More recently, China added another curve ball: a growing share of the growth in China’s foreign assets seems to be coming from the state banks, and the increase in those assets isn’t disclosed along with the growth in its reserves. The small ($11 billion) increase in China’s reserves in June is misleading: the state banks likely met the 100 bp rise in their reserve requirement by holding dollars — and the central banks “other foreign assets” rose sharply.

It so happens that those countries that report data more rapidly are no longer adding to their reserves. The falls in reported reserves in August reflect valuation changes – a euro isn’t worth as many dollars as it used to be. But they also reflect significant sales of dollars by countries. South Korea and Russia are the most prominent cases.

This has produced a set of stories — including this one by the FT’s Peter Garnham -- that argue that: “growth in FX reserves has stalled as the dollar has staged a broad-based rally since hitting a record low against the euro on July 15.”

My sense though is that the data for August that has been released so far paints a somewhat misleading picture of the global story. Why?

1) Oil prices have fallen, but at $110 barrel they remain well above the price oil exporters need to cover their import bill. That implies the oil exporters are continuing to run a large current account surplus and that, barring large capital outflows (as in Russia), they are still adding to the funds at their central banks and sovereign funds. Ballpark, this should generate $500 billion or so in official asset growth annually, or about $40 billion a month. If $20 billion left Russia, that still implies $20b in net asset growth. Some will be in sovereign funds, but some will show up in reserves. It just will come from a lot of countries that don’t report data quickly (or at all).

2) China is still running a large current account surplus and it is still attracting net FDI inflows (in part because investment outflows have slowed following some initial losses).

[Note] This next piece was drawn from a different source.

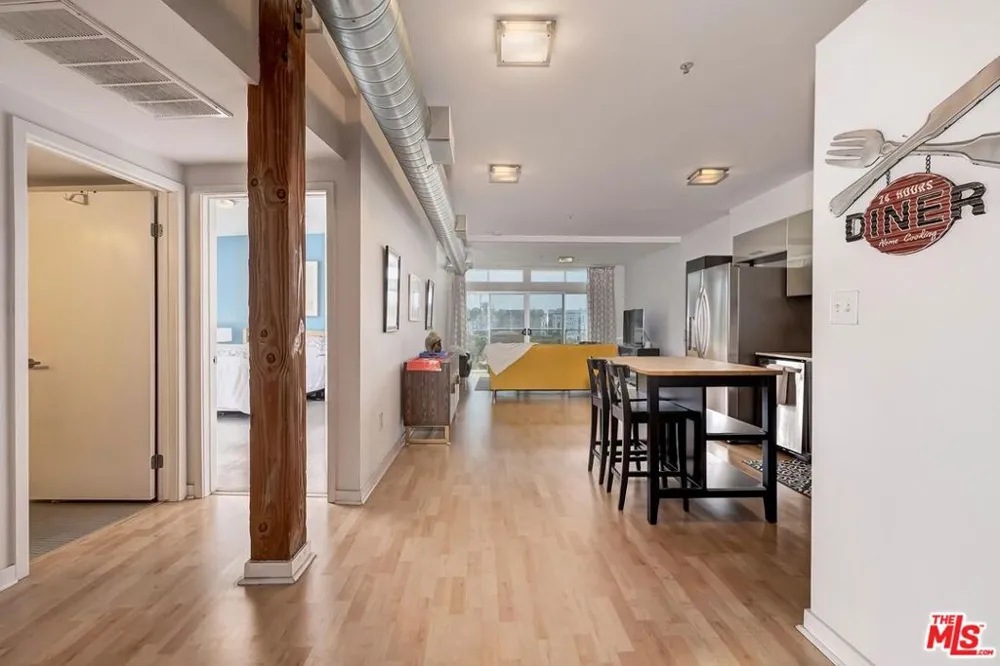 4215 Glencoe Avenue #317 Los Angeles, CA 90292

Say China is running a $350b current account surplus (remember, lower oil prices help China) and attracting $100-150b in FDI inflows. That would imply about $500 billion in official asset growth in China in the absence of any hot money inflows, or about $40b a month. Once you adjust for hike in the reserve requirement that is more or less what the June data showed. And we don’t have any formal data for July or August yet. It is possible that significant “hot” outflows cut into this total, but that would be a bit at odds with the ongoing tightening of inflow controls. I expect continued positive growth, just not at the extraordinary pace of earlier this year.

And indeed, that seems to be exactly what the PBoC’s renminbi balance sheet — which has data on China’s foreign asset growth for July — shows.

Of course, something important did change recently. Some significant countries are selling their existing holdings of dollars to support their currencies, which wasn’t the case until recently. Dollar sales often can lead to knock-on euro sales. If, for example, Korea sells dollars to buy won, it will then sells some of its euros for dollars to rebuild its dollar holdings just a bit. This keeps the dollar share of its portfolio roughly constant.

Actually, if past patterns — hold — and they may not, central banks would sell slightly fewer euros than might otherwise be the case to “rebalance” their portfolio even as they run down their dollar holdings, as the euro’s own slide is working to keep their portfolio close to its currency targets.

The FT’s article on changes in reserves also doesn’t quite get the “reserve diversification” story right.

Garnham — drawing on the lot of the work of London based currency analysts — argues that emerging economies have been diversifying their reserves over the past few years, and in the process putting downward pressure on the dollar. The argument starts by noting that “Data from the International Monetary Fund show developing countries’ central banks hold about 60 per cent of their reserves in dollars. The remainder is held in euros, sterling and yen.” That isn’t quite right. We don’t actually know what “emerging economies” have been doing: The emerging economies that are adding the most to their reserves do not report data to the IMF. I suspect that countries that do not report actually have a higher dollar share, bringing the overall total up. No matter.

The FT then argues:

By diversifying some of their new reserves into other currencies, rather than keeping all their intervention proceeds in dollars, central banks have compounded the weakness in the US currency in recent years.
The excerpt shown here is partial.